Is Immersive Media created only by computer generated graphics?

Not at all. IDEA’s plans anticipate wide adoption of photographically-captured images, objects and environments. These real-life photographic captures may be stand-alone, such as for a sporting event or concert, or may be seamlessly combined with certain computer generated image elements.

How are immersive scenes photographically captured?

Light field cameras or camera arrays can be used for live-action immersive cinematography. Well-established photogrammetry techniques can be used to capture still images, such as environments, rooms or background plates. And light stages can be used to capture a volumetric image file of a person or object. IDEA will be working with technologists and content creators to identify the tools and workflows appropriate for each.

This sounds futuristic. Does technology exist today that supports this type of Immersive Media?

Almost. Virtual and Augmented reality head-mounted displays provide some of the features, but are limited. New multi-focal displays can provide much more realistic stereoscopic (3D) imaging by allowing your eyes to focus near or far. And new light-field displays—also known as holographic displays — are now being developed in research labs around the globe.

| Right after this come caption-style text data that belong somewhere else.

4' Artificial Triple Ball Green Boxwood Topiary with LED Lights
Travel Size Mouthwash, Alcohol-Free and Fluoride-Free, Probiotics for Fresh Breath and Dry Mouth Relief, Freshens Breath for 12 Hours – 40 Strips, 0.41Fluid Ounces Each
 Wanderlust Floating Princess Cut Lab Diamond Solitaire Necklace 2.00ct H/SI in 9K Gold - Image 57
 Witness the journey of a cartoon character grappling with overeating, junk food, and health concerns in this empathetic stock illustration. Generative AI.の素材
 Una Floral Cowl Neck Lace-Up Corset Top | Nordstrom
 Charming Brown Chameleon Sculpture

IDEA intends to complete its work on immersive media standards in time for the commercial launch of advanced displays, networks and renderers that will enable the user experience.

So is IDEA developing image format specifications for these Light Field Displays?

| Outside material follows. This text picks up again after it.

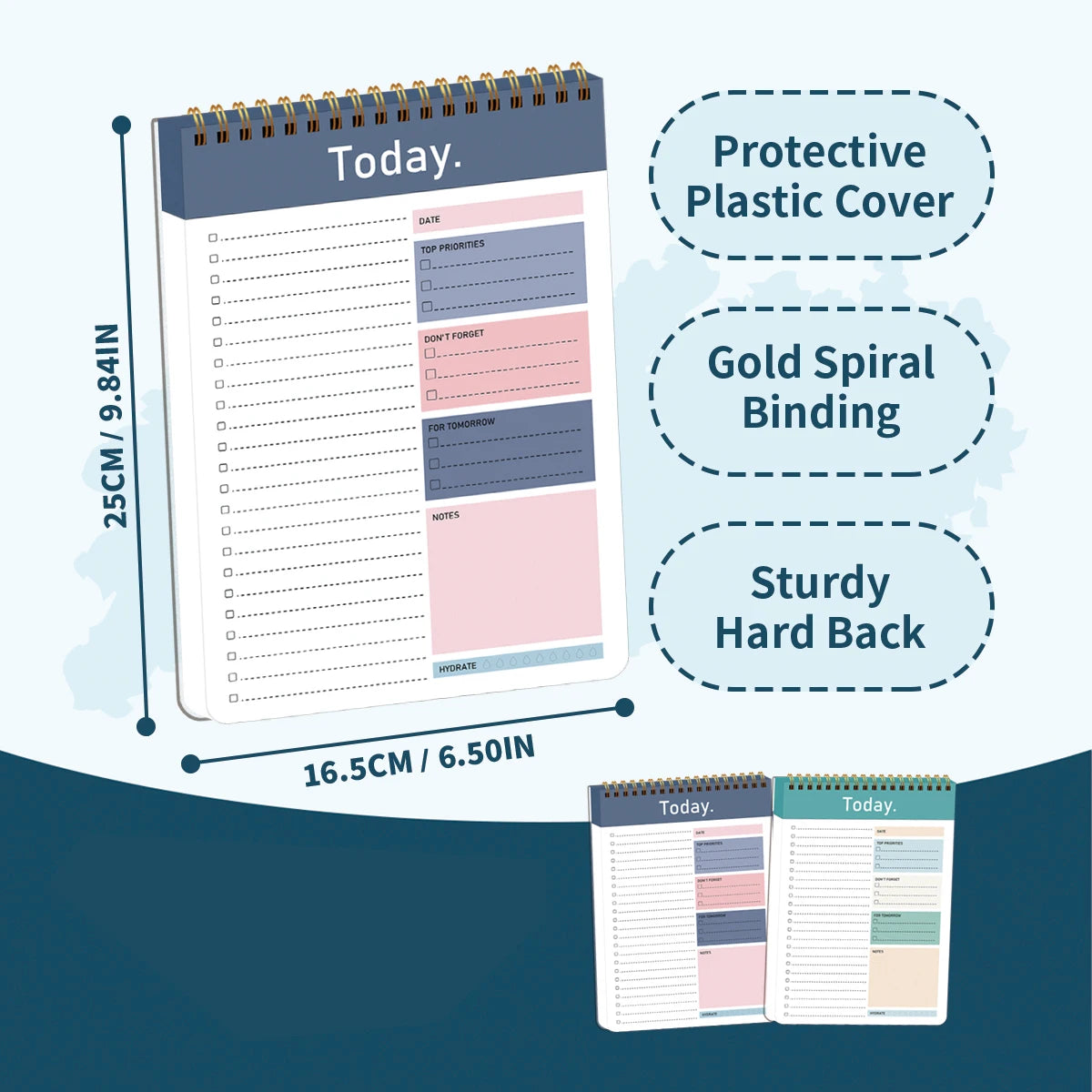 To Do List Notepad - 104 Pages Double-Sided 52 Sheets Daily Undated Planner Notebook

Yes — the IDEA format specifications are intended to support light field displays, as the “highest common denominator” of the immersive experience. But we recognize that such displays are a few years away from hitting the market. Therefore the specifications will also provide near-term benefits on today’s display technology, including VR headsets and stereoscopic displays. Our key principle is that the IDEA interchange formats are display agnostic.

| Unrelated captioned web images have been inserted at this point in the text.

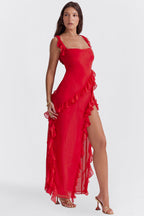 Women's Sleeveless Ruffle Maxi Dress with Side Split Detail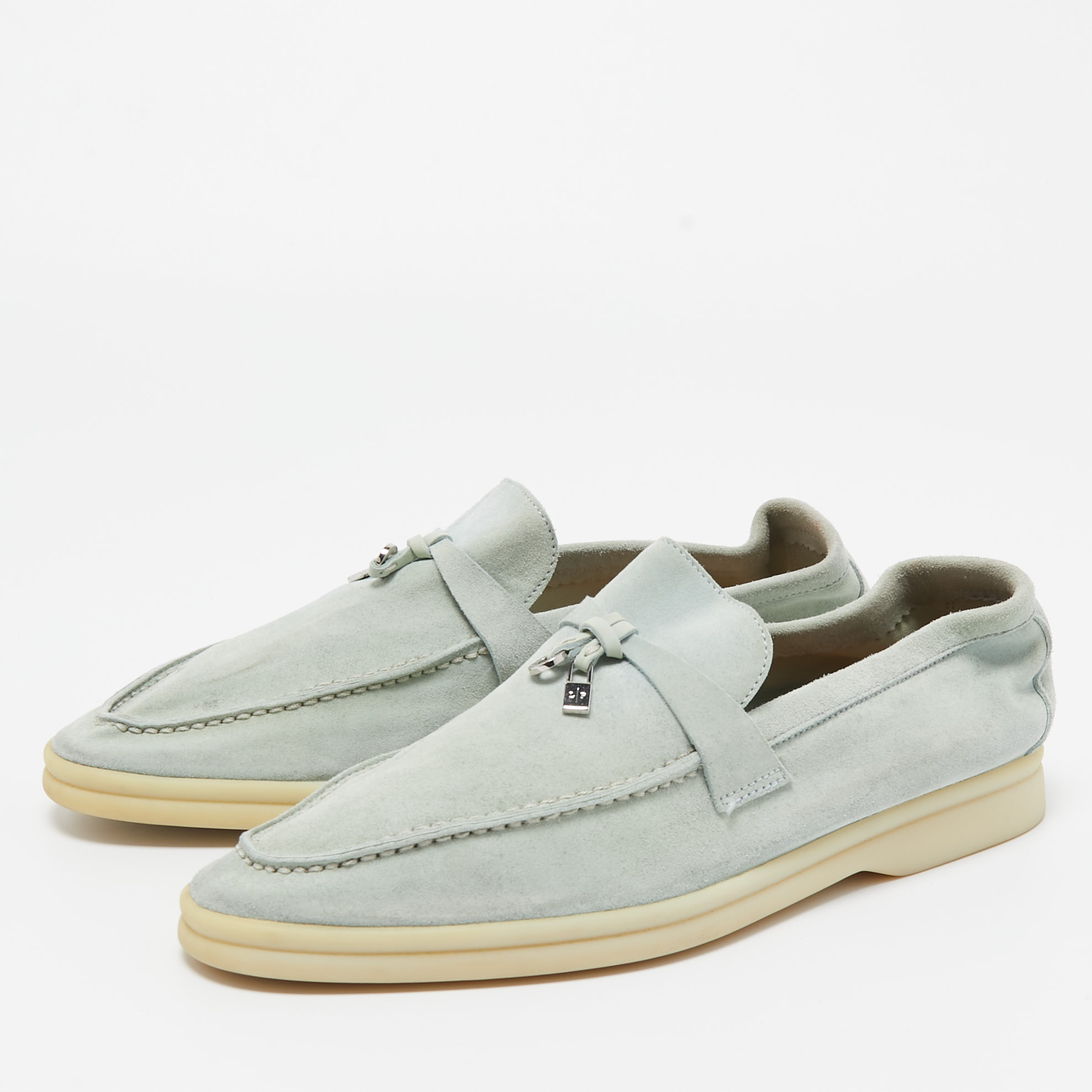 

Loro Piana Light Blue Suede Summer Charms Walk Slip On Loafers Size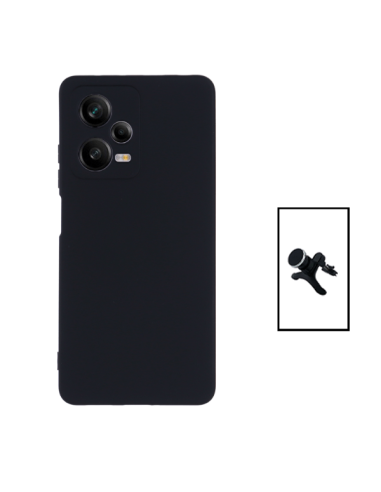 Kit Suporte Magnético Reforçado de Carro + Capa Silicone Líquido para Xiaomi Redmi Note 12 Pro - Preto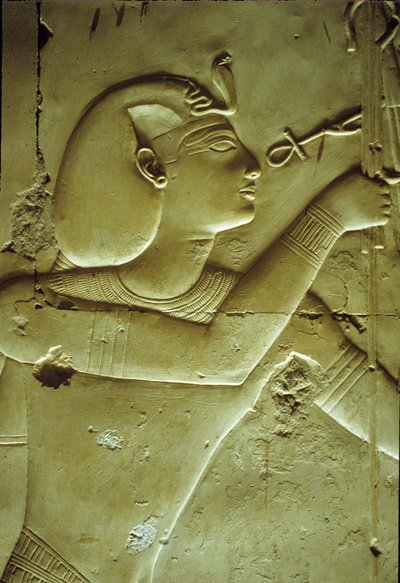 Ancient Egypt, Wall painting/carving, Seti I receiving life, symbolized by the ankh, Temple of Seti I, Abydos by School Egyptian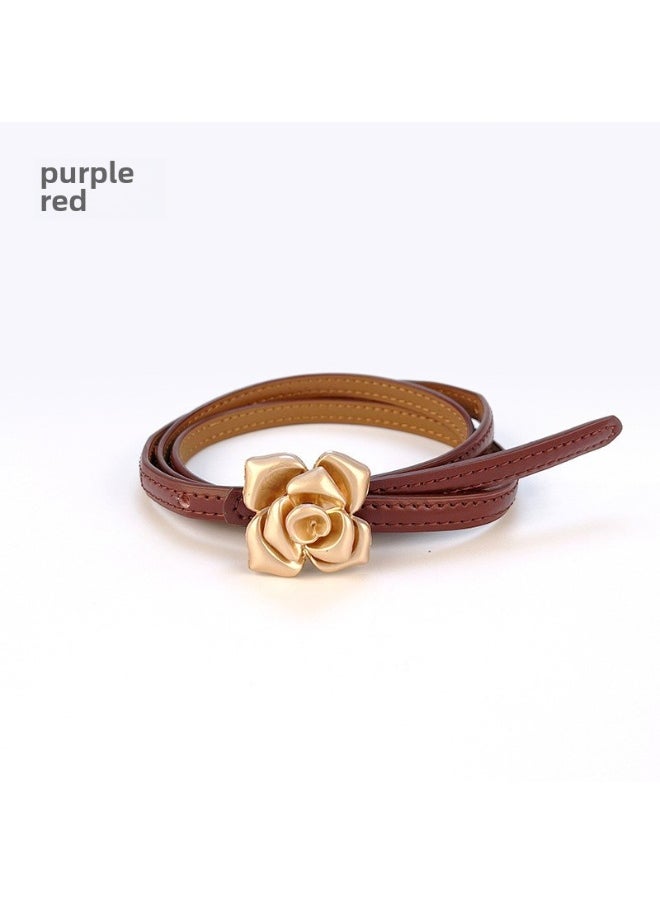 New Leather Thin Womens Belt Floral Slimming Fashion Fuchsia 11175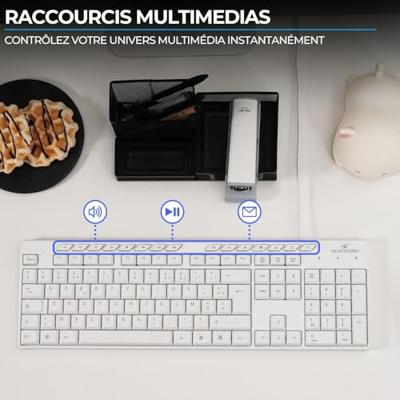 Bedrade toetsenbord- en muisset - 15 multimediasneltoetsen - BLUESTORK - Media Office - PACK-MEDIA-OFFW/FR - AZERTY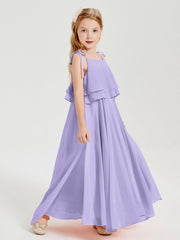 Abiti Damigella Junior Lunghi In Chiffon Spalline Sottili Con Fiocco Lilla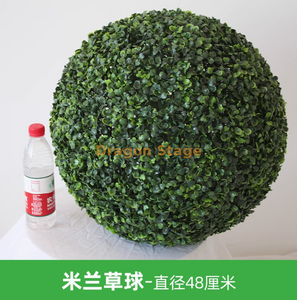 Planta de planta de planta bola de bola de bola de plástico de plástico de decoração de teto de planta falsa Flores falsas Milão Grass Ball - Diâmetro 48cm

What do you mean by Display Agnostic?

The ITMF (Immersive Technology Media Format) and future IDEA specifications will represent the image as a full three-dimensional environment, including complex geometry, textures, multiple focal points and viewpoint dependent lighting and texture. This is all necessary for support of light field displays. But a subset of this data will provide the best possible experience on a VR headset (including six degrees of freedom), and other displays — such as AR, stereoscopic and even traditional televisions and mobile devices. The ITMF stream will be rendered via a “smart network” to a format appropriate given device.

Display agnostic also means that the format is open to all manufacturers. The same ITMF format is intended to support displays using different technologies, and from different manufacturers, in order to avoid incompatibility issues.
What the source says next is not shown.